Dan tak lama setelah teman Cinta mengatakan hal itu. Seorang pria berawakan tinggi berkulit putih masuk. Wajahnya seperti actor Korea yang belum lama ini dramanya ditonton oleh Cinta.
"Mirip siapa ya, aku lupa," kata Cinta pada temannya.
"Cha Eun Woo, iya kan?"
"Nah! Iya, mirip sekali dengan dia."
"Bagaimana?"
"Apanya?" Cinta yang setengah mabuk pun menjadi bodoh. Ia menatap lelaki itu yang mulai bergerak menghampirinya.
Lelaki yang bernama Aaron itu duduk di samping teman Cinta. Dia mengobrol dengan teman Cinta seolah sangat dekat.
"Kalian pacaran?" tanya Cinta.
"Tidak. Dia masih lajang, tenang saja," jawab teman Cinta.
"Begitu ya, sayang sekali. Dia tidak menggunakan ketampanannya dengan baik."
Tiba tiba Cinta teringat dengan sesuatu. Seharusnya dia menggunakan cara ini untuk mengusir Kasih nanti.
Ya, dia akan menggukan cara ini. Jika dengan mengorbankan dirinya tak bisa. Maka dia akan mengorbankan Kasih dan orang lain.
"Nama kamu Aaron ya?"
Aaron mengangguk.
"Aku akan mentraktirmu minum karena sudah memberikanku ide." Cinta menuangkan minuman di gelas Aaron. Kemudian bersulang.
**
Lukas sedang mondar mandir di depan pintu, menunggu Cinta yang tak kunjung kembali sejak tadi.
Ia pikir dia harus meminta maaf karena sudah membuat istri keduanya itu marah padanya.
"Sudah jam dua belas tapi dia belum juga kembali." Lukas memeriksa jam di tangannya lagi. Tapi Cinta tak kunjung muncul.

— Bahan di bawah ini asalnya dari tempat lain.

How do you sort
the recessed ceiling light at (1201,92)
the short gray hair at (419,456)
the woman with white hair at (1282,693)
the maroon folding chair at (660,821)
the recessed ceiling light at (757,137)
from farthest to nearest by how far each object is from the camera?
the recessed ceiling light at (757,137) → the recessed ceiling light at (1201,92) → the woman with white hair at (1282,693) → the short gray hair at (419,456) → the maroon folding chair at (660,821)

Hingga jarum jam menunjukkan angka dua. Dan Lukas sudah berada di kamarnya. Sebuah suara mesin mobil terdengar di depan pintu.
Lukas bergegas turun untuk melihat Cinta.

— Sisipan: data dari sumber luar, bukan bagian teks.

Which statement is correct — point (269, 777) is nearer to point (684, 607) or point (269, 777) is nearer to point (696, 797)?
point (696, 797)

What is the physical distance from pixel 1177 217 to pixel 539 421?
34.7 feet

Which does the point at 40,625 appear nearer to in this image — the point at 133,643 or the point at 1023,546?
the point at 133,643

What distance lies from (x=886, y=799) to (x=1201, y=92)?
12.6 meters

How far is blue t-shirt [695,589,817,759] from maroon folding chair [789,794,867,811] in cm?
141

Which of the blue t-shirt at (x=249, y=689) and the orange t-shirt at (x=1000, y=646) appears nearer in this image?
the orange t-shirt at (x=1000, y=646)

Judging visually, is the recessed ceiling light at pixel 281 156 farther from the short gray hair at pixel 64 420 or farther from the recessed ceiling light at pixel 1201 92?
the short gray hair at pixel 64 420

Cinta pada saat itu sedang berusaha membuka pintu pagar yang sudah dikunci oleh satpam rumahnya.
"Cepat buka pintunya!" Satpam yang sedang berkeliling rumah langsung berlari menghampirinya.
"Dasar bodoh! Kenapa lama sekali! Kamu membuatku menunggu!"
"Maafkan saya."
Lukas pun menghampiri Cinta, memapah wanita yang berbau alkohol tersebut.

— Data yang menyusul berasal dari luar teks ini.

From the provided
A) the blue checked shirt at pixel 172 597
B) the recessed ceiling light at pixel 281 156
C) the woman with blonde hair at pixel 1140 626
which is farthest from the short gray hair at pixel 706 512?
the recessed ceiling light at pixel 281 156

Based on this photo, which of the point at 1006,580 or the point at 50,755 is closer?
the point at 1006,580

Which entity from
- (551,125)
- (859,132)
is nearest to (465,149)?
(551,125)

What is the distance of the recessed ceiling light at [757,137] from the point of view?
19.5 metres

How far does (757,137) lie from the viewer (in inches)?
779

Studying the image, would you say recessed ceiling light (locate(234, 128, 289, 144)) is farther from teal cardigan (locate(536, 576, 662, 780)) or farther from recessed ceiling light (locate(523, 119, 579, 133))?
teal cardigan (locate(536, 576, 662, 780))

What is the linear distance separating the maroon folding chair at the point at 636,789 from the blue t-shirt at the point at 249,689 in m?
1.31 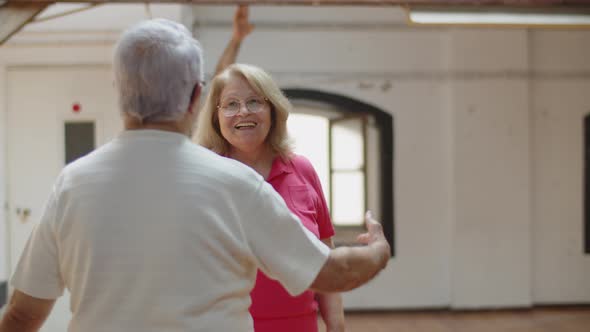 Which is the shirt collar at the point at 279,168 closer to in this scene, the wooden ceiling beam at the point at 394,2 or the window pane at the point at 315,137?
the wooden ceiling beam at the point at 394,2

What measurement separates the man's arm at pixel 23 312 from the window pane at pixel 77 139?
4.91 m

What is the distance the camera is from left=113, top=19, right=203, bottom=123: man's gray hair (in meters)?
1.29

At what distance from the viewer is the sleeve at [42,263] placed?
133cm

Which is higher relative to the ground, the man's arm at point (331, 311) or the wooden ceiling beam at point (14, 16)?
the wooden ceiling beam at point (14, 16)

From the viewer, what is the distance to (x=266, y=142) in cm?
230

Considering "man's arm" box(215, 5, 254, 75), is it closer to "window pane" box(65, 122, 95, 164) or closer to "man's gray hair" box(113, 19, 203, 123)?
"window pane" box(65, 122, 95, 164)

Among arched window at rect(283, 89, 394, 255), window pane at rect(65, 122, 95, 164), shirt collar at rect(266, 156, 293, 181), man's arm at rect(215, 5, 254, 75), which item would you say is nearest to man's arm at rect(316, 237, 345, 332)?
shirt collar at rect(266, 156, 293, 181)

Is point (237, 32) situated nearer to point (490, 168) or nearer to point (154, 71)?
point (490, 168)

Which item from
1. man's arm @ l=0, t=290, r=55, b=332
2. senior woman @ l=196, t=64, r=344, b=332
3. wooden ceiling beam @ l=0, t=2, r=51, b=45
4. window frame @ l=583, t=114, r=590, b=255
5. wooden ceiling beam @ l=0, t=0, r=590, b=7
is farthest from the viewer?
window frame @ l=583, t=114, r=590, b=255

"Kamu habis dari mana? Kamu minum dengan temanmu? Mobilmu di mana?"
"Berisik!" sahut Cinta. "Kenapa kamu ada di sini? Bukankah kamu seharusnya ada di kamar istri tercintamu itu?!"
"Sudahlah, kamu sedang mabuk. Sebaiknya cepat masuk kamar, aku tak mau ibu memergokimu."
Lukas membopong Cinta yang merosot di atas rumput. Kasih yang diam diam memerhatikannya hanya menghela napasnya.
Meski Lukas sudah baik padanya. Namun kenyataan jika Lukas masih mencintai Cinta itu tak bisa diabaikan.
**
Saat sarapan pagi, ibu Lukas menanyakan masalah Cinta tadi malam yang tidak pulang.
Pagi ini pun dia masih tidur akibat mabuk kemarin malam.
"Masih tidur, semalam Lukas bertengkar dengannya jadi dia tidur pagi pagi tadi," jelas Lukas.
Kasih yang duduk di sampingnya melirik Lukas dengan ekor matanya.
Cinta akan selalu dibela oleh Lukas.
"Setidaknya dia harus setor wajahnya pada ibu."
"Dia lelah, Bu. Lagi pula, kondisinya juga sedang tidak baik. Karena permintaannya tidak aku turuti."
"Minta apa? Bayi tabung?"
Lukas diam.
"Nanti setelah anak Kasih lahir, dia kan bisa mengurus anak Kasih. Memang apa bedanya? Sama sama anakmu juga, kan?"
Sontak Kasih langsung tersedak, bayangan anak anaknya yang akan diasuh oleh Cinta pun membuatnya terbatuk batuk.
"Kamu tak apa apa?" Lukas mengambilkan segelas air putih untuk Kasih.
"Bayi tabung itu sulit, tingkat keberhasilan juga tidak banyak. Jadi untuk apa buang uang dan waktu jika dia sudah pasti akan mendapatkan anak dari istri pertamamu," sambung ibu Lukas ketika batuk Kasih mereda.
"Bu, tapi jika bisa. Kasih ingin merawat anak ini sendiri."
"Bukankah kamu ingin bercerai dengan Lukas? Jika iya, maka tinggalkan anak anak itu di sini. Memangnya kamu bisa mengurus mereka jika kamu membawanya keluar dari rumah ini?"